■ EXERCISE MATERIALS
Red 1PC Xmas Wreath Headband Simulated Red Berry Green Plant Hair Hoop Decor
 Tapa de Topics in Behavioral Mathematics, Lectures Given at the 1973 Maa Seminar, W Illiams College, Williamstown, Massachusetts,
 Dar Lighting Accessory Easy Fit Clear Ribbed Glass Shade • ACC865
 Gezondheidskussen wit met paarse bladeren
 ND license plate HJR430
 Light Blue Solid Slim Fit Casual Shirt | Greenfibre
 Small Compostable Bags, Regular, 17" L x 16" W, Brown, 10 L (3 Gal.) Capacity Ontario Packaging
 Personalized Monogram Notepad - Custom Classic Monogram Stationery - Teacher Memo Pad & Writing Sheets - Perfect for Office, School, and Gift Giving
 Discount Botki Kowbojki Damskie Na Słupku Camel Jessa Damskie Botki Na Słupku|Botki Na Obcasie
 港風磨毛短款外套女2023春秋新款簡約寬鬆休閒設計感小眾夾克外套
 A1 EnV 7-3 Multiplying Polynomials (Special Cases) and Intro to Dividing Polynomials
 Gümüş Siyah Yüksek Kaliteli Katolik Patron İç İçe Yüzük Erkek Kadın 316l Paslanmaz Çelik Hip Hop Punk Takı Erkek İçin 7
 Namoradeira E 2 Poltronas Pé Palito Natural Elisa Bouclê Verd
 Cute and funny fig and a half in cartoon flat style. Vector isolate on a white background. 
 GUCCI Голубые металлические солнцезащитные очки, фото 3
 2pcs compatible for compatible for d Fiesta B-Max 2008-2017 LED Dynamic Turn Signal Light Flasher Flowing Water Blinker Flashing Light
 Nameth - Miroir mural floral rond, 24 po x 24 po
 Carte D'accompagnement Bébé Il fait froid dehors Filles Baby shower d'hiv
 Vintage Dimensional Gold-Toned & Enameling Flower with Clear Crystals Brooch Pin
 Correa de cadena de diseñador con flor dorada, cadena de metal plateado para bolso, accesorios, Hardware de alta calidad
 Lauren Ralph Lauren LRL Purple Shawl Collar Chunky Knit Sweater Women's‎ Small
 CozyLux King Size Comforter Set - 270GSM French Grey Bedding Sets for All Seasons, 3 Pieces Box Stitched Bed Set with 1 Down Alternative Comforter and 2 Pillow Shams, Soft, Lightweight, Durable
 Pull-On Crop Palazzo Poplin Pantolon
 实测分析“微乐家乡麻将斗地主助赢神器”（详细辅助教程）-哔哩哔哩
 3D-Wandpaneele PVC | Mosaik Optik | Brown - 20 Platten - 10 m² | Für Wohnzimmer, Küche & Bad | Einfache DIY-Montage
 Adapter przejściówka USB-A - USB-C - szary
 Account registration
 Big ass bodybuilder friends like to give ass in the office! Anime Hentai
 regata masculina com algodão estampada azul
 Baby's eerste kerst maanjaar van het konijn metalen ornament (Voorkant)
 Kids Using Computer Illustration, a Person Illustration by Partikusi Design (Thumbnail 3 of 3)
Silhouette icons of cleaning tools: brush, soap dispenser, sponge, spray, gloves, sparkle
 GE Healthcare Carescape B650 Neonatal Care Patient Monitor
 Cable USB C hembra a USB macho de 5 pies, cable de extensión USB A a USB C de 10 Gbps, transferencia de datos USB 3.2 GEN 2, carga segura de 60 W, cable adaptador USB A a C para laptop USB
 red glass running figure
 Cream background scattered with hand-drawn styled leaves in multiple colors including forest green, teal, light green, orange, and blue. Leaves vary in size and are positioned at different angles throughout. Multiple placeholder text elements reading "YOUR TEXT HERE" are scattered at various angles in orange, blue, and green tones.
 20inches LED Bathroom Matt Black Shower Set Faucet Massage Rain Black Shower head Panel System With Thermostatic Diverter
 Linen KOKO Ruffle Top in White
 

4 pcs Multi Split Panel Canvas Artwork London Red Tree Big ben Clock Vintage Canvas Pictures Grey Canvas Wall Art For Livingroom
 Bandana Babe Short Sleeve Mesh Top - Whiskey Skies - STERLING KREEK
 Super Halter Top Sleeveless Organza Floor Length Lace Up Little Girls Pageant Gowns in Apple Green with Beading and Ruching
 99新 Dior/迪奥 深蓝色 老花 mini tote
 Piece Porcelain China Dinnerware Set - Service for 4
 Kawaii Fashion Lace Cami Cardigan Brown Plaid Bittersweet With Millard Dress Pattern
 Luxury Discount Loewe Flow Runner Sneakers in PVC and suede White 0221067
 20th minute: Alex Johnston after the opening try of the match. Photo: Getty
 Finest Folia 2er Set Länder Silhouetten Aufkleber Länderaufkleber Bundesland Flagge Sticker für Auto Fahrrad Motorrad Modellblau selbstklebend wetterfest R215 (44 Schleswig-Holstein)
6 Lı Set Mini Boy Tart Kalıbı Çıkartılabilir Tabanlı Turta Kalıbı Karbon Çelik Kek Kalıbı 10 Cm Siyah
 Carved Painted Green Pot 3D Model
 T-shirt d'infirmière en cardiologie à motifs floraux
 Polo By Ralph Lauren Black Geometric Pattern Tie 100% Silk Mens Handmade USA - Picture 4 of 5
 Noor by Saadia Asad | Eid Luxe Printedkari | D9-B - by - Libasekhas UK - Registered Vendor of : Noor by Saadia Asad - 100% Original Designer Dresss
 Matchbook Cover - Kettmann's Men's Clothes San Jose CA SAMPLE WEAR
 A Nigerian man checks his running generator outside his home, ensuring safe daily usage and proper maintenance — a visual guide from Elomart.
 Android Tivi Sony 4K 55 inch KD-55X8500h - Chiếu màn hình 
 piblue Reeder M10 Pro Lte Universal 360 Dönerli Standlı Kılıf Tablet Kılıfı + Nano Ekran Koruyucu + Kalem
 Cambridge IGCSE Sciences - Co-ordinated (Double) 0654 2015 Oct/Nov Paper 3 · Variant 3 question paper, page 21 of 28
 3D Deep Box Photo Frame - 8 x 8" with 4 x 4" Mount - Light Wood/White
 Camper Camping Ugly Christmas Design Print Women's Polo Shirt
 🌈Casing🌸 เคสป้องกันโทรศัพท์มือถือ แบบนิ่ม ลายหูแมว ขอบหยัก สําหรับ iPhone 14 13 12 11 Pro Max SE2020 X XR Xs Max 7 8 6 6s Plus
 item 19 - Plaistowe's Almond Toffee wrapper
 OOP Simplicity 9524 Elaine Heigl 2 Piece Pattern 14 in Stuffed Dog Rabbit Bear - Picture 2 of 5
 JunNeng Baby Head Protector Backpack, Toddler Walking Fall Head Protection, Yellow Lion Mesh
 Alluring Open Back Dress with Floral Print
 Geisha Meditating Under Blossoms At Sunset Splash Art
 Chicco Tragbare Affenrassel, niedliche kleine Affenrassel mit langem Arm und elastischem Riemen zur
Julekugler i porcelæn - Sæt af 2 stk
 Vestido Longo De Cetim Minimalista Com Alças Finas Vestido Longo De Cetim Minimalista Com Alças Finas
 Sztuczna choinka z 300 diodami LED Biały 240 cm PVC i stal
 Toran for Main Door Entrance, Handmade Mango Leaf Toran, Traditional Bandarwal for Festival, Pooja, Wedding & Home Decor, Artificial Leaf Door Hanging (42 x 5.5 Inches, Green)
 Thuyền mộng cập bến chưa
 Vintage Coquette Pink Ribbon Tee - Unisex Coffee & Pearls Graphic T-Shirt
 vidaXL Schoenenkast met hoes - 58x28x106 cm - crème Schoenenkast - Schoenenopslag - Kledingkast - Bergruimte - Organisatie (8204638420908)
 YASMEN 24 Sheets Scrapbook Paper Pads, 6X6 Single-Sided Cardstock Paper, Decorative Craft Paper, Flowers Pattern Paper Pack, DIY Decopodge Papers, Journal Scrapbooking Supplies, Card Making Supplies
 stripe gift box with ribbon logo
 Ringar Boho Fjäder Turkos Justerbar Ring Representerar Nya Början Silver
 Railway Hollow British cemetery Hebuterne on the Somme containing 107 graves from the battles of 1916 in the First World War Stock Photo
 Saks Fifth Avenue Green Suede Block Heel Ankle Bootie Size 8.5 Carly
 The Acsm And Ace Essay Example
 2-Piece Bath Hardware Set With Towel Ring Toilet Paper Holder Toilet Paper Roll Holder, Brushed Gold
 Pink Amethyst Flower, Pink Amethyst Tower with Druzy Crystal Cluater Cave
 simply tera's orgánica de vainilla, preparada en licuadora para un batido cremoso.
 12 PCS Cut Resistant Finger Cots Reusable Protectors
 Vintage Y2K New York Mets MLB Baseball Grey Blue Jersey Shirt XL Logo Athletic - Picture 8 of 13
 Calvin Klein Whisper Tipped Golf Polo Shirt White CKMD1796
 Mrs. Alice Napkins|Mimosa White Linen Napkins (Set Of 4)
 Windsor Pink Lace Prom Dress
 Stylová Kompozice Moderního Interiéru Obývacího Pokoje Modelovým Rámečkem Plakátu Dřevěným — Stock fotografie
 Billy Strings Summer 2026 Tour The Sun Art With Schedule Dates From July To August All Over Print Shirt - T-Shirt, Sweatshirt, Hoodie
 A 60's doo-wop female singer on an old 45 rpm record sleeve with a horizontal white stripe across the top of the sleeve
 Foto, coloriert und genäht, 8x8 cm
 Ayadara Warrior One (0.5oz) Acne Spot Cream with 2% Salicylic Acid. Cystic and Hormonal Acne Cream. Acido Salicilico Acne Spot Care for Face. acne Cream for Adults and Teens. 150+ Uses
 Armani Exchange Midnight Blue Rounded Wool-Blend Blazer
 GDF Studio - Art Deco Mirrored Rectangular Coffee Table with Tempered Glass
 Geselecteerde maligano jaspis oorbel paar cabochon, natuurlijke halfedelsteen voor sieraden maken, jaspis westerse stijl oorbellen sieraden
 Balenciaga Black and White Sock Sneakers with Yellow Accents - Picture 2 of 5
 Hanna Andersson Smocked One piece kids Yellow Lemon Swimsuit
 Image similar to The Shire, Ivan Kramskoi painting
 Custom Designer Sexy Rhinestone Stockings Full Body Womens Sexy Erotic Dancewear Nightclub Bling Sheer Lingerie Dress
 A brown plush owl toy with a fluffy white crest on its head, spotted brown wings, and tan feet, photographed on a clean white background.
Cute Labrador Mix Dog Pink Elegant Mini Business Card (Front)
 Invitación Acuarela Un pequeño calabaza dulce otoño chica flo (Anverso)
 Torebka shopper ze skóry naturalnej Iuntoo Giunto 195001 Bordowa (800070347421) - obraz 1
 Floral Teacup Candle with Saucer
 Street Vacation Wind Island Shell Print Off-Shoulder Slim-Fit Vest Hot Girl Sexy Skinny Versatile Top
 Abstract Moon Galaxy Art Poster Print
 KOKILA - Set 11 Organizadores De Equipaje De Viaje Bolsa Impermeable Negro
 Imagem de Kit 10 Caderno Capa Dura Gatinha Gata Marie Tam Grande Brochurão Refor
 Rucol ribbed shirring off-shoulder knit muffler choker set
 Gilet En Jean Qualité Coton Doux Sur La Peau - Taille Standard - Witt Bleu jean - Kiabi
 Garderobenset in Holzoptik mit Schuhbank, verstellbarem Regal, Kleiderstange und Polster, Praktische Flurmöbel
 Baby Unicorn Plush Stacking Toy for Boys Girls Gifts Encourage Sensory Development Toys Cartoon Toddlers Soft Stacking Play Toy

■ YOUR OBJECTIVE
Only one stretch of the data above is needed. Restate it word for word, from the line containing "Polo By Ralph" through the line containing "item 19 - Plaistowe's Almond Toffee wrapper", both ends included.

■ ANSWER TO THE PROBLEM
 Polo By Ralph Lauren Black Geometric Pattern Tie 100% Silk Mens Handmade USA - Picture 4 of 5
 Noor by Saadia Asad | Eid Luxe Printedkari | D9-B - by - Libasekhas UK - Registered Vendor of : Noor by Saadia Asad - 100% Original Designer Dresss
 Matchbook Cover - Kettmann's Men's Clothes San Jose CA SAMPLE WEAR
 A Nigerian man checks his running generator outside his home, ensuring safe daily usage and proper maintenance — a visual guide from Elomart.
 Android Tivi Sony 4K 55 inch KD-55X8500h - Chiếu màn hình 
 piblue Reeder M10 Pro Lte Universal 360 Dönerli Standlı Kılıf Tablet Kılıfı + Nano Ekran Koruyucu + Kalem
 Cambridge IGCSE Sciences - Co-ordinated (Double) 0654 2015 Oct/Nov Paper 3 · Variant 3 question paper, page 21 of 28
 3D Deep Box Photo Frame - 8 x 8" with 4 x 4" Mount - Light Wood/White
 Camper Camping Ugly Christmas Design Print Women's Polo Shirt
 🌈Casing🌸 เคสป้องกันโทรศัพท์มือถือ แบบนิ่ม ลายหูแมว ขอบหยัก สําหรับ iPhone 14 13 12 11 Pro Max SE2020 X XR Xs Max 7 8 6 6s Plus
 item 19 - Plaistowe's Almond Toffee wrapper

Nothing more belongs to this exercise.